By recognizing the legitimacy of arbitrary states and the sanctity of their borders, the UN contributes directly to the sham elections and bloodshed that have occurred as the rival, bottom-up factions Khouri identifies seek power through gaining control of the capitals of these states.
Because these states are legitimized by the UN, the rival factions can simply seize control of a capital and automatically gain leverage over their domestic and international enemies (Muammar Gaddafi, for example, was a political nobody before his ascension to power in Tripoli). Thus Arab dictators and would-be dictators are engaged in a form of rent-seeking when they attempt to obtain power through Arab capitals. In some respects, the United Nations and other IGOs have simply served to further the imperial ends of the British and French in the Middle East after World War I.

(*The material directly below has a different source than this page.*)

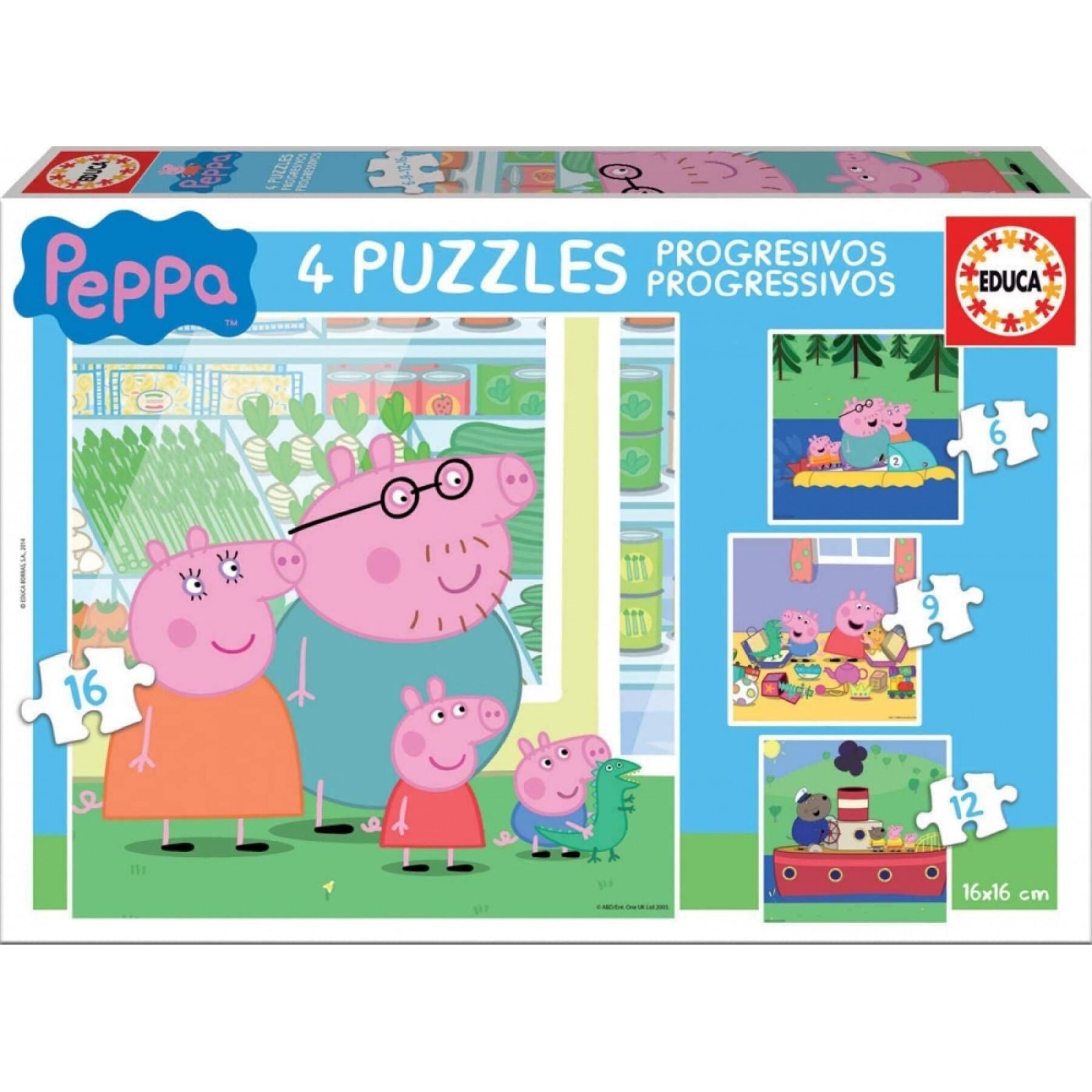 6-9-12-16 peças puzzle progressivo Peppa Pig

Is everybody with me? Disparate factions in Arab states seek to control their own regional territories while simultaneously seeking to stave off the influence of the capital if their man is not in power (pretty standard fare worldwide, actually). This tension – between resisting influence and seeking to exert it through governing a capital city – is driven by the realization that capturing the rent provided by IGOs will lead to leverage over enemies. This, in turn, not only keeps nationalist sentiment in Arab states strong but also ensures that only a strong man will be capable of holding these states together.

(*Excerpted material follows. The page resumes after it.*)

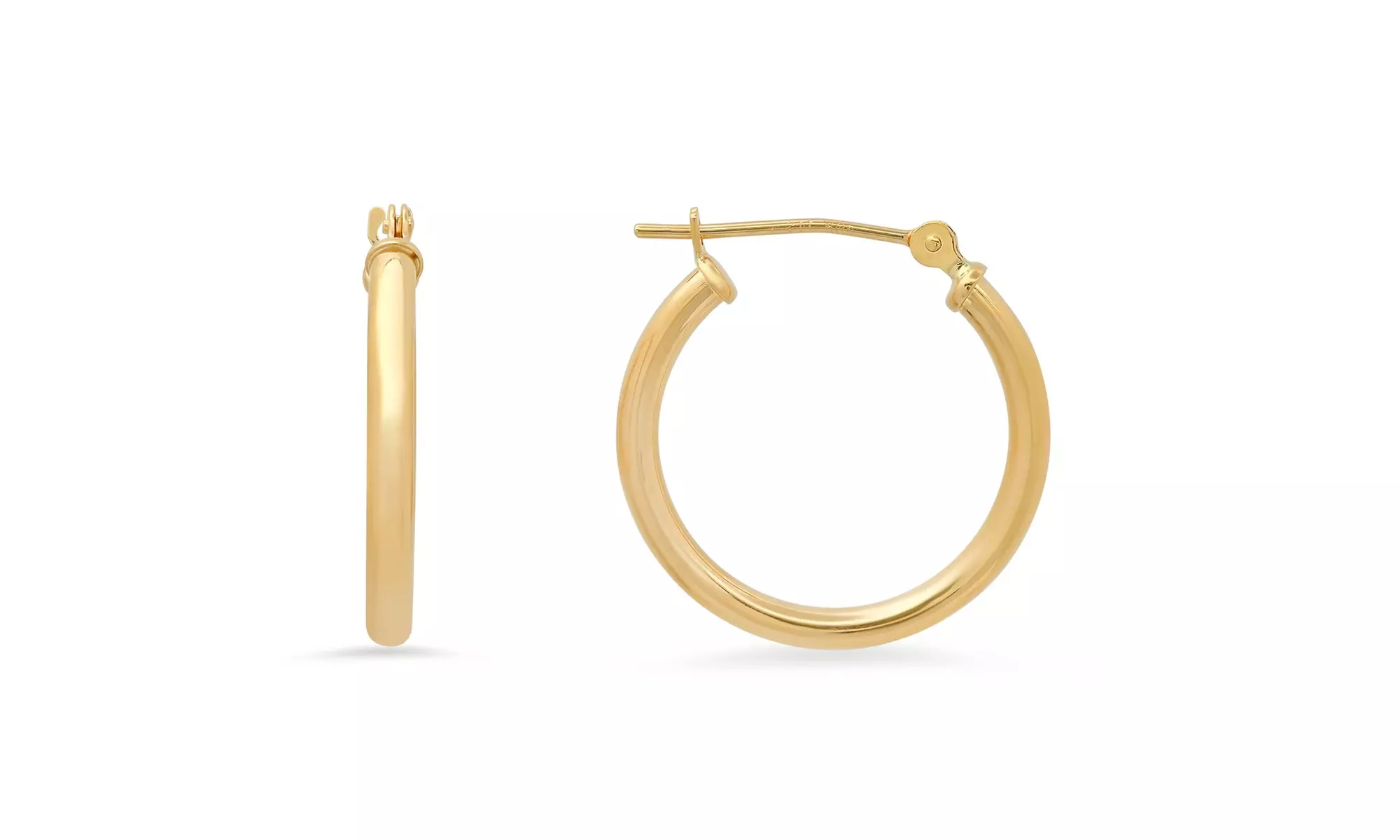 Real 10k Solid Gold Classic Gold Hoop Earrings - Primary Image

Now the nationalism that glues these failed Arab states together is one that is largely acknowledged, but the necessity of a strong man to hold these states together gets less respect.
Just think though: Strong men can earn the rent that Arab states get from IGOs by more easily being able to eliminate or suppress factions that do not wish to go along with renting the services that IGOs provide (loans, military support, etc.).
A democracy, on the other hand, is designed to incorporate as many factions within a society as possible into the political framework of a state. Democracies are less predictable than autocracies. For IGOs – created by, and for, already established democracies – this lack of predictability is unwelcome.
It is important to note that there is no explicit animosity directed towards Arab democracy from IGOs. The inability of IGOs to incorporate fledgling Arab democracies is built in to their systems. IGOs are always at the forefront of calling for free and fair elections in Arab states, for example, but institutions like the UN were implemented for a different world. Great Britain and France had overseas colonies in 1945. There were two Germanies when the UN was chartered and no academic programs devoted to exploring “post-socialism.”
Delving into why IGOs are structurally unable to support democratic initiatives in the Arab world is far beyond the scope of this post, and I think Khouri’s focus on the failures of the state is a big step in the right direction. However, if frustrated reformers wish to better understand the plight of democracy in their societies, it will not be enough to blame the autocrats who have been smart enough and ruthless enough to game the international state system that Arab states participate in.